Tyrer's ‘From the Editor's desk’ lyrically asserted that in relation to the paper by Fergusson et al Reference Fergusson, Horwood and Boden1 and other studies, ‘In the parched desert of ignorance and prejudice every established fact becomes an oasis. By “established fact” I mean one that defines the field, the one that all the related and restlessly inchoate facts gather round and say “I belong here”, and then fall into line behind it.’ Reference Tyrer2
Fergusson et al Reference Fergusson, Horwood and Boden1 conclude that there is evidence that abortion may be associated with a small increase in risk of mental disorders and in comparison, other pregnancy outcomes were not associated with increased risk. Although we acknowledge that aspects of their analytic design are strong and carefully implemented, we believe that the analyses have not maximised the potential of the data-set and that therefore, your editor's rhetorical confidence is not yet justified. We advance the following reasons.
First, Fergusson et al dichotomised each pregnancy exposure. Of 534 women in the Christchurch cohort, 284 had had pregnancies. Women making decisions about terminating pregnancies may have prior pregnancy events and potentially cumulative losses will have different mental health impacts compared with termination as the outcome of a first pregnancy. Pregnancy variables are not independent and mutual adjustment in models for other outcomes will not account for the interactions between pregnancy outcomes. A more useful analysis would have been with a composite variable with never having had a pregnancy event as the reference category.

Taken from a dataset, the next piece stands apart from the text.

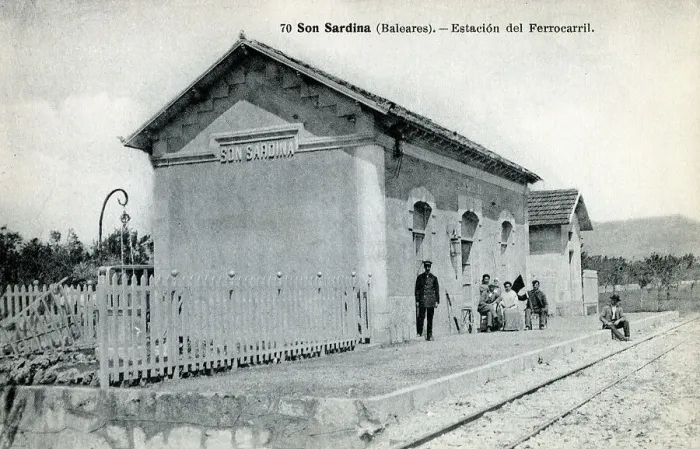 Framed Print : Son Sardina, Mallorca, Spain - Railway Station Framed Print : Son Sardina, Mallorca, Spain - Railway Station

Second, the combining of therapeutic abortion for fetal malformation with abortion by choice is inappropriate. Most abortions are first trimester. There is an argument for separating termination of pregnancy by gestational age, so that the mental health impact of those in the second or third trimester are visible and separate. It is possible that terminating a wanted pregnancy because of fetal abnormality would be more distressing than an early unwanted pregnancy.

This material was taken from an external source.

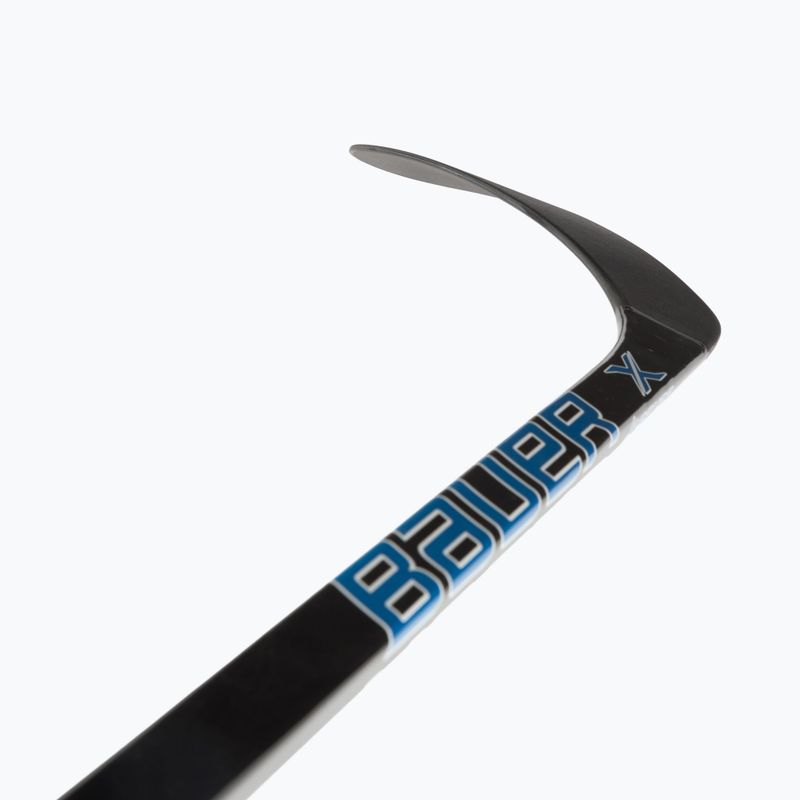 Eishockeyschläger Bauer X Series Grip Sr F80 R black/blue/green 4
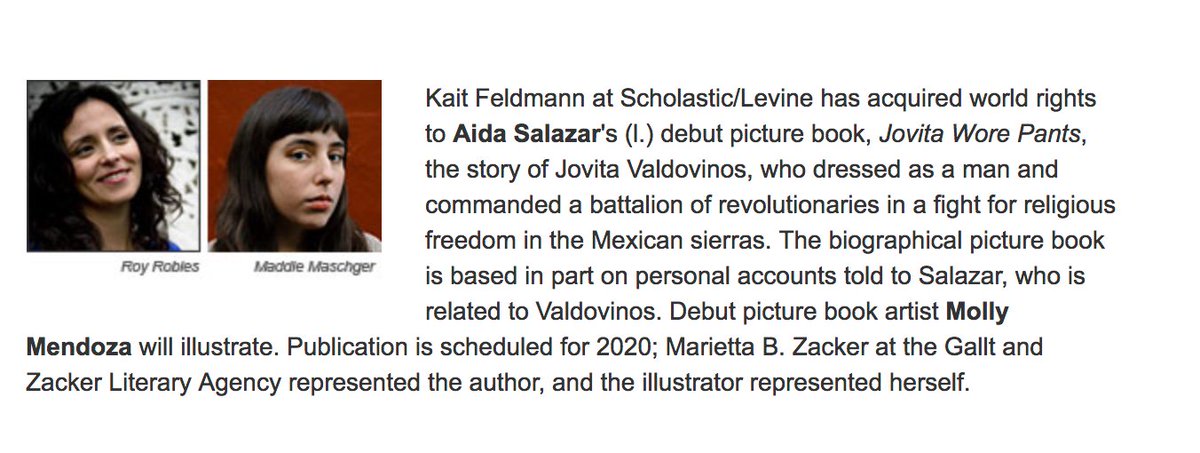 So proud of editor @kaitfeldmann.* Jovita Wore Pants sounds totally awesome. #AidaSalazar #MollyMendoza @AALBooks 
*I'm her mom.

Third, many authors (including Fergusson et al) have found strong relationships between intimate partner violence and poor mental health, and between intimate partner violence and increased association with reporting terminations. Reference Taft and Watson3–Reference Gazmararian, Adams, Saltzman, Johnson, Bruce and Marks6 Despite the potential to include the much more rigorous measure from their previous study of partner violence among this cohort, the authors have excluded their strongest measures of partner violence in this analysis, leaving a major covariate poorly measured.
Fergusson et al conclude that the evidence for abortion impact is small but clear – even causal. Yet there is no evidence that the risks associated with other pregnancy outcomes, particularly loss, are different from those estimated for abortion (see Charles et al Reference Charles, Polis, Sridhara and Blum7 ), nor that mental health disorders are incident after an abortion. This could have been statistically tested using logistic regression among the range of statistical tests already carried out.
It is a pity that such a good cohort study has not been better analysed. With the above adjustments, the authors would be better placed to more clearly identify the vulnerable groups they are wisely seeking to identify.